* [PROBLEM]
Once you find the line with "Topazio Blu London" in the data below, transcribe exactly each line from there to the line with "Afbeelding van BROTECT", inclusive, and nothing else. Drop the pictures.

* [RAW DATA]
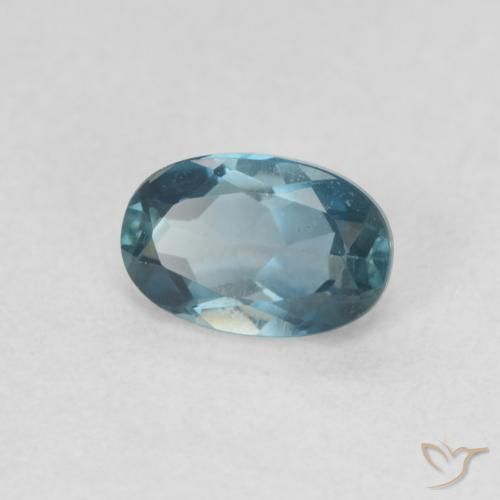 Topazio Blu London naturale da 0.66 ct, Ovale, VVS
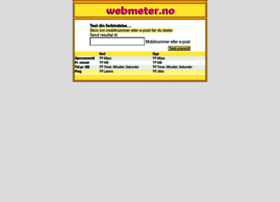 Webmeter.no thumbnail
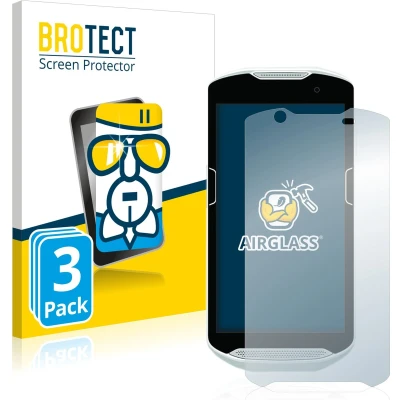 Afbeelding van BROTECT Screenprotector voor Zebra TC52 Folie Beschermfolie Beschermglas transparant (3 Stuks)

==

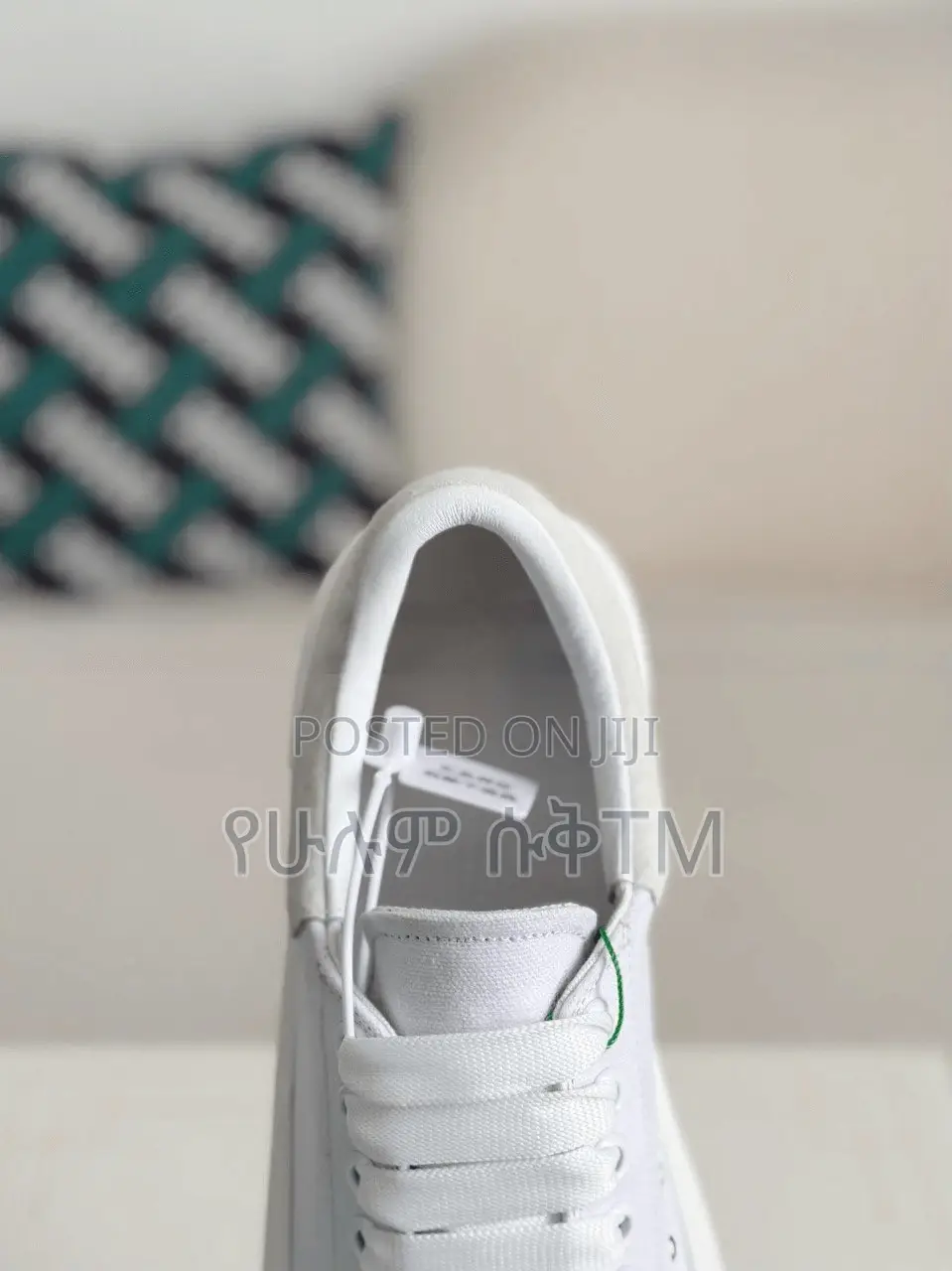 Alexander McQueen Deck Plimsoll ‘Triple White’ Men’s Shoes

--

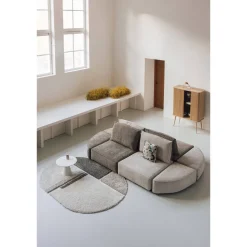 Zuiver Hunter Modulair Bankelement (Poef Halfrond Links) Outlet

* [WRITTEN ANSWER]
 Topazio Blu London naturale da 0.66 ct, Ovale, VVS
 Webmeter.no thumbnail
 Afbeelding van BROTECT Screenprotector voor Zebra TC52 Folie Beschermfolie Beschermglas transparant (3 Stuks)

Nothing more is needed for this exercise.